Il s'agit de facto de l'enlèvement d'un citoyen russe sur le territoire d'un Etat tiers", ajoute le ministère. "Les autorités américaines n'ont pas informé la représentation diplomatique russe de l'arrestation de Konstantin Iarochenko. Le transfert secret et forcé par les services secrets américains de notre citoyen de Monrovia à New York peut être considéré comme un acte arbitraire délibéré."
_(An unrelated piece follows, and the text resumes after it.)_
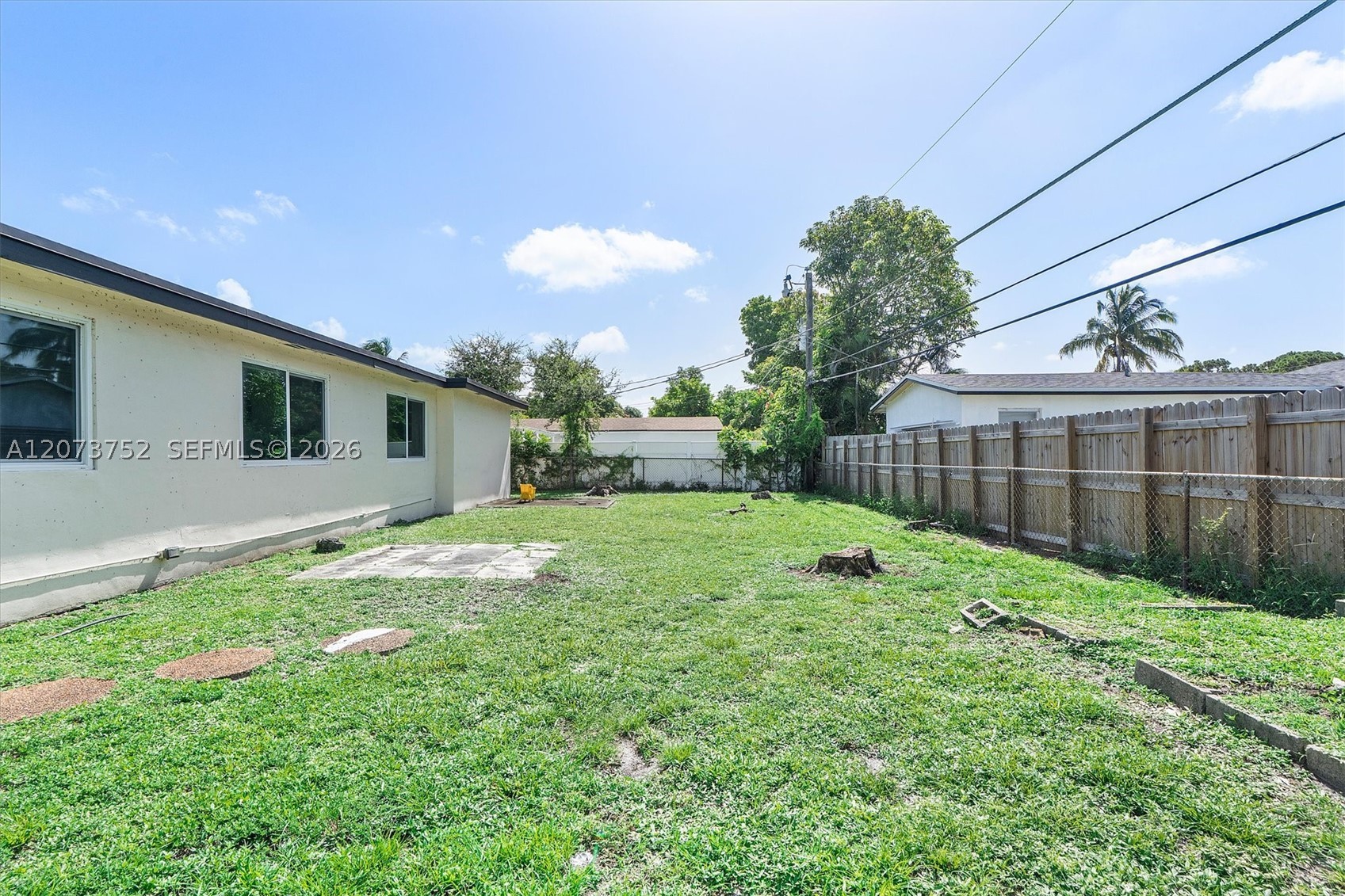 8544 Sheraton Dr Property Photo 12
Le premier juin, le ministre de la défense libérien, Brownie Samukai, avait annoncé l'arrestation à Monrovia de sept trafiquants de drogue étrangers avec quatre tonnes de cocaïne destinées au marché américain, et leur extradition aux Etats-Unis. "Sept étrangers, de Russie, de Sierra Leone, du Nigeria et du Ghana, ont été arrêtés à Monrovia pour avoir monté une opération qui aurait fait entrer au Liberia environ quatre tonnes de cocaïne provenant de Colombie, d'une valeur marchande de 100 millions de dollars (80 millions d'euros)", avait déclaré le ministre au cours d'un point de presse commun avec l'ambassade des Etats-Unis.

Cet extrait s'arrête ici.